Remote Desktop Thin Client
ReactOS actually has a working remote desktop client, though it obviously needs fleshing out to support the newer security protocols in later versions of Windows. That said, having a remote desktop client allows one to run applications on the remote server, not on ReactOS itself. This significantly reduces the components that need to be robust, as all ReactOS needs to do is make sure its network stack is stable and win32 can handle all of the drawing commands sent it.

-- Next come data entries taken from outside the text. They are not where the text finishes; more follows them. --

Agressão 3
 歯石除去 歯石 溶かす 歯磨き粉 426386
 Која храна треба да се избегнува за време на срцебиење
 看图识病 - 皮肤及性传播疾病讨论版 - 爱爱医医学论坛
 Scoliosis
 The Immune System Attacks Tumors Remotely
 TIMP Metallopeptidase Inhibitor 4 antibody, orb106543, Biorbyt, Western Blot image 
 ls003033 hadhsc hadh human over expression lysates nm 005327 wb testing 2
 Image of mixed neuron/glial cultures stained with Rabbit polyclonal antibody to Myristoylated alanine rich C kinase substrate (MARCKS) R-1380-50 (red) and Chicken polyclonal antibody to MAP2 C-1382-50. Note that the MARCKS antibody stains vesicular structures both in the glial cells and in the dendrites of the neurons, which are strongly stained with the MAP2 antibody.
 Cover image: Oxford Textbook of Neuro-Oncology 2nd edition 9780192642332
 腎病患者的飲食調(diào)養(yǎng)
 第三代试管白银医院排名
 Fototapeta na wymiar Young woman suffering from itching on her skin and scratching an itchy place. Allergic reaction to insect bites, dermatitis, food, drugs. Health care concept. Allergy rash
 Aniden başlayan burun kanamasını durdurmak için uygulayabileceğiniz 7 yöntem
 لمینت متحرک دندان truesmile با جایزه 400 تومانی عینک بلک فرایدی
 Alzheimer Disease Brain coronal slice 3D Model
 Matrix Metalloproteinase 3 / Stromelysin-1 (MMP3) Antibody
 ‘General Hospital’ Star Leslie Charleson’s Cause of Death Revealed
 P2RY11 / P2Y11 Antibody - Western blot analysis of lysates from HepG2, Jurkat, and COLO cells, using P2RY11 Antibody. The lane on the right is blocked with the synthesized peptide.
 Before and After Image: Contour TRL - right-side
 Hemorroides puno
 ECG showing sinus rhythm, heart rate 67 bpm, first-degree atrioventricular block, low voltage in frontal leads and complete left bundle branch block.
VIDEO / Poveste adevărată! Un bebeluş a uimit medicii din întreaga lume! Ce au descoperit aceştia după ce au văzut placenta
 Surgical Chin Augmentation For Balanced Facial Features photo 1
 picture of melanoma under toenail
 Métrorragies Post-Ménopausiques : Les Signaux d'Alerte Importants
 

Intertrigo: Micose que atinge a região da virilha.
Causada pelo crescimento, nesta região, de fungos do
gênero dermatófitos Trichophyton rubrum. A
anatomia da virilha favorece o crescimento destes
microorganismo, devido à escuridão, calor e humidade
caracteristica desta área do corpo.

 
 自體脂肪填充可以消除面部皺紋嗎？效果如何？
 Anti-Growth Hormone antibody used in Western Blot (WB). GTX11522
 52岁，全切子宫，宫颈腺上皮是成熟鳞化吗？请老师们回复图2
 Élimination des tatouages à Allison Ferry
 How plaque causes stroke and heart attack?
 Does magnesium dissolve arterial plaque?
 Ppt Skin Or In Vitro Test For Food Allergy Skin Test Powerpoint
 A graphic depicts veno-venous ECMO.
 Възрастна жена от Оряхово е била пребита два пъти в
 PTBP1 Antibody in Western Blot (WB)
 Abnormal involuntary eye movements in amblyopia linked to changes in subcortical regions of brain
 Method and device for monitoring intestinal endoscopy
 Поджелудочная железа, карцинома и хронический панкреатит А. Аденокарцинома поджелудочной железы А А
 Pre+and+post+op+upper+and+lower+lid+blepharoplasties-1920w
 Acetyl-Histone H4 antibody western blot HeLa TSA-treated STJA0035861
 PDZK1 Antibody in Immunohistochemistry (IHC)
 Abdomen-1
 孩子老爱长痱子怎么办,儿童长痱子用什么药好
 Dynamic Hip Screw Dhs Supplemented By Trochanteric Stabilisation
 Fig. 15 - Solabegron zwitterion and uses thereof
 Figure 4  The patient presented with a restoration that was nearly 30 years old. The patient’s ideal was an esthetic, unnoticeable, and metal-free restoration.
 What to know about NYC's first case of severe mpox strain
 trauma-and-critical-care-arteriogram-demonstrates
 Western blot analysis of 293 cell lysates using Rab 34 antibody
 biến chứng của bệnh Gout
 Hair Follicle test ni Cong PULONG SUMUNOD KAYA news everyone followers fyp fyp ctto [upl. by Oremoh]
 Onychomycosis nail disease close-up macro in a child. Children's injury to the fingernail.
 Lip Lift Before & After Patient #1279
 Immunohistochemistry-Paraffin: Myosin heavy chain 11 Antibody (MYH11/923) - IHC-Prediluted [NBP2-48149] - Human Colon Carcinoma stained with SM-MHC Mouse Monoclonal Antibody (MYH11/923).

Point of Sale clients are locked down computers intended to run only one application. They're used everywhere from sales registers to kiosks to ATMs. Their specificity means that while they generally are running an application, they do not need to support nearly as wide a range. The user is also locked out of a lot of functionality, so there is less risk of them monkeying around and breaking something by accident. This scenario can also be extended to say industrial systems that are intended to run only a specific set of applications and drivers. These systems are not meant to be used to browse the web and generally should never be connected to the wider internet, so again less variability.
Remote Application Host
This is something of a new one, made possible by the wider spread of broadband. The idea is to provide hosting of a single application or groups of applications that can be accessed remotely. Marketing types like to call this the "cloud." Developers and system administrators call it networking. The difficulty has however always been the cost of licenses. To run Windows applications, one needed an instance of the Windows OS. Microsoft's licensing does not permit sharing of such instances and companies trying to pull this application host off have had to basically pay for a separate license for each user. But for a strict subset of applications, ReactOS could conceivably act as a replacement, allowing companies to spin up as many or as few OS instances as they need. This scenario can also be applied to compute instances, where some kind of scientific software needs to run on Windows and a scientist wants to run computations in parallel on multiple machines. The traditional approach was to use Windows desktops owned by the organization while they're idling, but to spin up instances in something like Amazon EC2 would again require a valid Windows license for each separate instance. Feasible, but it adds cost compared to a dedicated ReactOS instance.
Research and Development
One issue that Microsoft suffers heavily from is the need to maintain backwards compatibility with a huge range of applications, many written during an era where programmers were a lot sloppier when it came to security and compartmentalization. As a consequence, Microsoft can be almost considered deathly afraid of breaking things by improving existing APIs and frameworks. A lot of other projects and companies don't even really try to maintain that level of compatibility. Case in point is Apple, who will deprecate and outright drop things the moment it has come up with something it believes is better. And yet ReactOS offers an interesting opportunity. While the project is heavily interested in backwards compatibility, we do not suffer nearly as much risk as Microsoft in making tweaks that could potentially break that compatibility. After all, it is not as if we have thousands of customers that would call for our blood if we accidentally broke something, or shareholders that would want heads to roll if a change does not appear to be well received. Then again, the open source community is hardly the paragon of civil feedback, but that's a tangential problem. But the ultimate point is that ReactOS can make tweaks that Microsoft cannot or will not make for fear of risking breaking compatibility. Furthermore, ReactOS can theoretically act as a sort of "strict" implementation of the NT and Win32 API, acting as a sanity baseline for application developers to see if they are accidentally attempting to use undocumented functionality or misusing documented functionality. This benefits many people, both developers and users. It actually would also theoretically, perhaps ironically, benefit Microsoft. As mentioned above, Microsoft cannot risk improvements breaking existing frameworks and consequentially is very conservative about even considering them. This however also means such improvements never really get the chance to be tested in the wild to see whether they actually break anything. If however ReactOS did make such tweaks and released them, we would get feedback about whether it broke something or not. That knowledge would be there, publicly available for anyone to use. For that matter, the WINE developers might also find the information useful. Regardless, ReactOS can act as a testing ground to improve the Windows desktop experience, which will ultimately benefit everyone.